Travis Fantina | Multi-tenancy with Phoenix and Elixir

There are lots of good places to start with multi-tenancy in Elixir (although I’d recommend Ecto’s own docs for either foreign keys or postgres schemas ). Most of the write-ups and tutorials start the same way “generate a new Phoenix application with mix phx.new ”. While, this is great if your starting an enterprise SASS app from scratch but it leaves something to be desired if you, like I was, are migrating an existing codebase with thousands of users, and products to a multi tenant application. I recently went through this with an enterprise client and there were enough pitfalls and interesting problems to solve that it seemed to warrant a detailed post.

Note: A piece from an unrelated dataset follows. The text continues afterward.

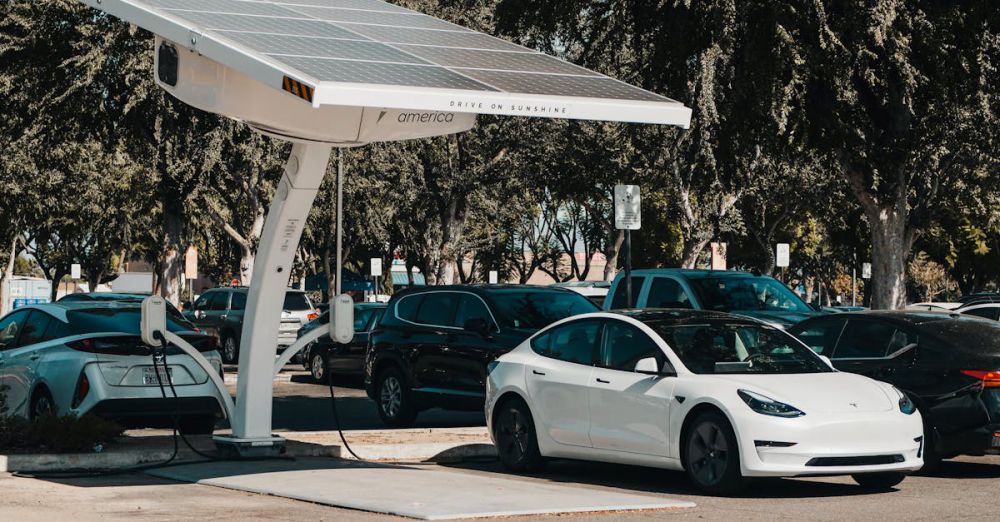 Charging Stations - Electric car parked at a solar charging station outdoors, highlighting renewable energy and innovation.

I believe the solution I put together is both effective and elegant but it is not without it’s pain points. Mainly, if you are going to use PostgreSQL schemas (which I did) you are going to have to migrate your existing data into said prefixes. There is no easy way around this, it’s just a slog you have to do; more on that later.

Schemas?

I went back and forth for a while, I finally settled on query prefixes as they felt a little more elegant; segmenting data without having to add new foreign keys to any columns. It also makes it easy to migrate or wipe customer data if needed. Admittedly, if your managing tens of thousands of tenants in a single database this approach will be a bottleneck. In my case that was not a concern; there are two current tenants and the client only expects to add a few tenants ever year if that. As mentioned, Ecto has great docs on setting up schemas; however I opted to use a dependency called Triplex mostly for the sake of time (about a week in I realized I could have rewritten most the required features in a day or two but we had about a month to make this transition so a refactor at this point seemed like overkill). Schemas work because we are using PostgreSQL, you can kind of hack together “schemas” with MySQL but under the veil it’s just separate databases, I can’t vouch for that approach because my Elixir projects are mostly in Postgres.

The first big hurdle is ensuring that your queries are run in the the right schema. By default Ecto is going to run queries in the public schema. On any given query you can change this by passing in a prefix: option, ie: Repo.one(query, prefix: "some_prefix"). Now rewriting hundreds or thousands of Repo actions with a variable prefix is not exactly convenient but it’s imperative to ensure queries are scoped to the correct schema. Just imagine the catastrophic breach if you had Customer A getting back Customer B’s data!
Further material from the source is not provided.